The Babbel Blog

language learning in the digital age

Tech Background: Babbel Speech Recognition

Posted on June 28, 2010 by

Interview with Technical Director Thomas Holl


Speech recognition is the exciting new feature at  Babbel. It’s not only fun – it’s also amazingly efficient for learning a new language. But how does it work? I got the low down from our Technical Director Thomas.

Crisi: What does the new speech recognition tool do?

Thomas: Basically, we use pronunciation samples recorded by our native speaking course editors and compare your pronunciation to theirs. As always with Babbel, you get instant feedback. The closer your pronunciation is to this example, the more points you get on a scale from 0 to 100. If you get more than 50 points, you’re good enough to be generally understood.

Crisi: But if you just compare two sounds, is that really speech recognition?

Thomas: Sure, we recognize what you say. We’re now sitting in front of the screen and we are talking but you see that the score is 0 all the time. Now, try saying arrivederci.

Crisi: Arrivederci

Thomas: Nice, 78 points.  Better than Aldo Raine in “Inglorious Basterds” (see details here). Remember the hilarious scene where Brad Pitt is trying to speak Italian? We ran his pronunciation through our analysis and as you might expect he scored pretty low. But I’m digressing, sorry. Back to our little test. Your pronunciation is about 78% exact compared to our reference sample. That’s pretty good.

Crisi: Still, it’s only about comparing sounds, not about understanding what I say.

Thomas: Well, there are different sub-types of speech recognition. One is speech-to-text or voice control. That’s what you’d use to enter text or commands if you can’t use a keyboard.
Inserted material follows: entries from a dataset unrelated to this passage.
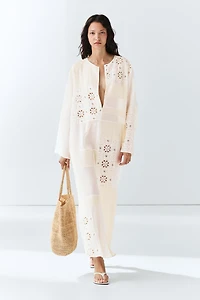 Flowing embroidered kaftan dress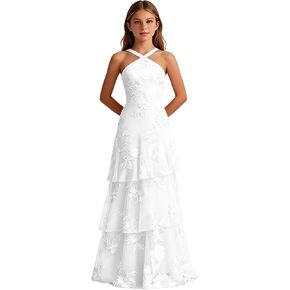 Halter Junior Bridesmaid Dresses Long Tiered Lace Girls Prom Dress Spaghetti Straps Floral Girls Formal Dresses in Saudi Arabia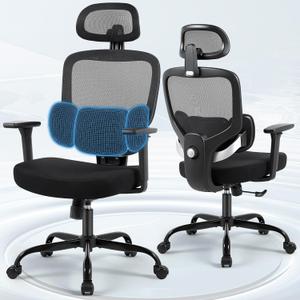 Ergonomic Office Desk Chair, High Back Breathable Mesh Computer Chair, 3D Lumbar Support, 2D Headrest & 3D Armrests, 300lbs Heavy Duty Task Chair for Home Office Work Gaming, Black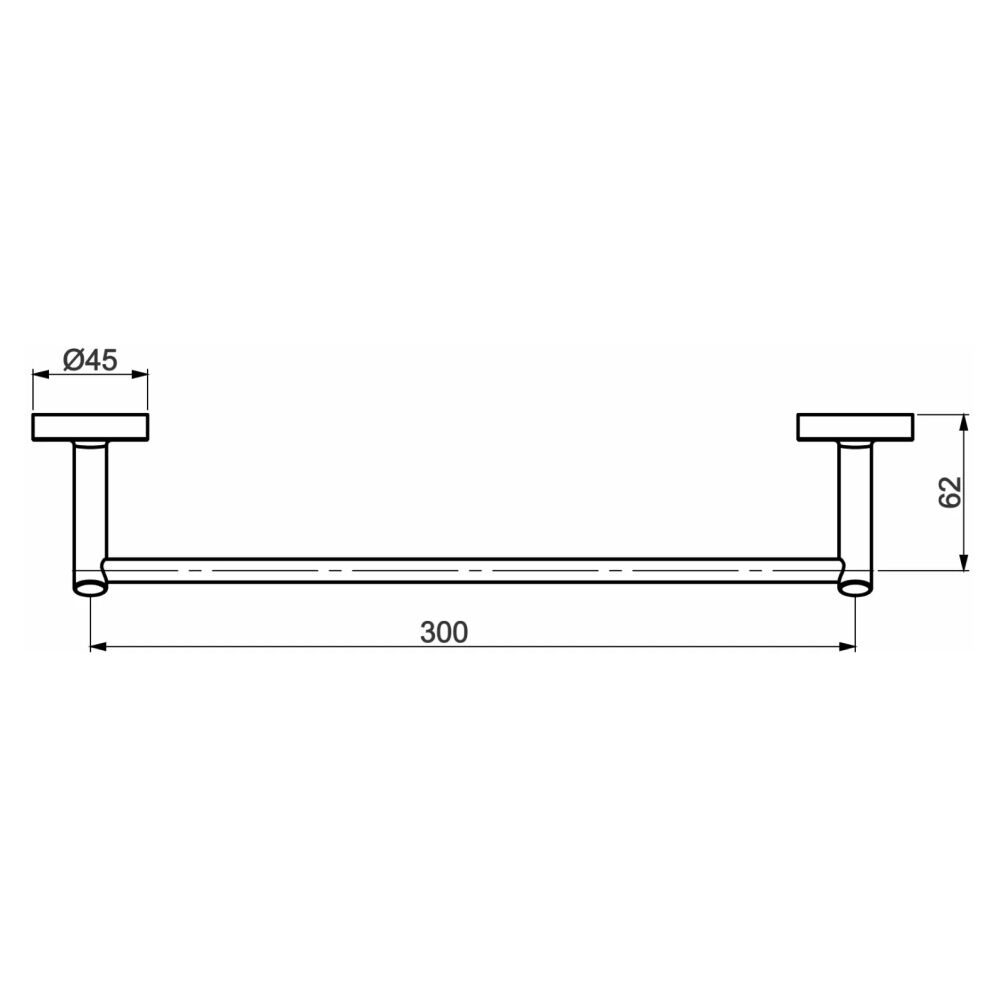 Porta Toalha Barra 30cm Likeflex Perflex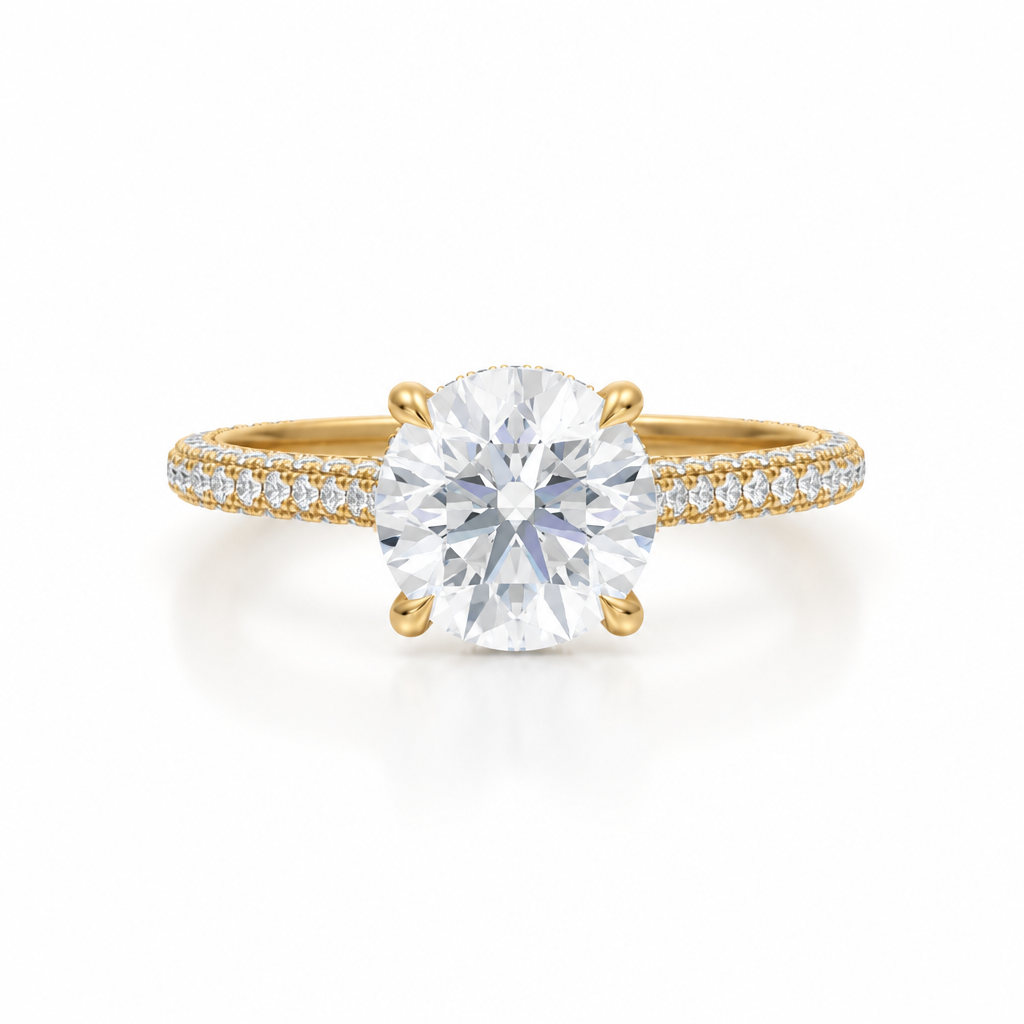 Round Three Row Pave Cathedral Ring With Diamond Basket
Recognizing words and evaluating their pronunciation is another sub-type, and that’s the technology that makes sense for language learning. We can use it for pronunciation training and for building new interactive exercises.

Crisi: So, what’s the technical challenge in this sub-type of speech recognition?

Thomas: Well, it’s not as easy as it sounds – no pun intended. It’s actually not enough to just compare two sounds. It’s a little like telling how similar two people look in two different photos. The audio samples are usually pretty different: a woman has a higher voice than a man and the tempo of speech also differs a lot. And then you have a number of artifacts…

Crisi: Artifacts?

Thomas: Noises and characteristics that are caused by the environment or the technical setup: rumbling, hissing, other sounds mixing into the voice. Most people don’t have a high-end microphone connected to their computer and in our case we just use the built-in mic on my laptop. The audio quality of what the system is hearing is pretty poor.

Crisi: So to make the speech recognition work properly, our users need to have a good mic and be in a quiet room?

Thomas: No, that’s the point: we can also work with cheap microphones and filter out noise in the immediate environment. That’s part of the challenge.

Crisi: Sounds like a lot of filtering and levelling…

Thomas: Yes, that also, but there’s more: We have to distil the “core” of the voice sample and then match that to the original. To do that, the system needs to figure out when you start and stop speaking. You don’t have to press any key to start and stop recording; we do the matching in real-time.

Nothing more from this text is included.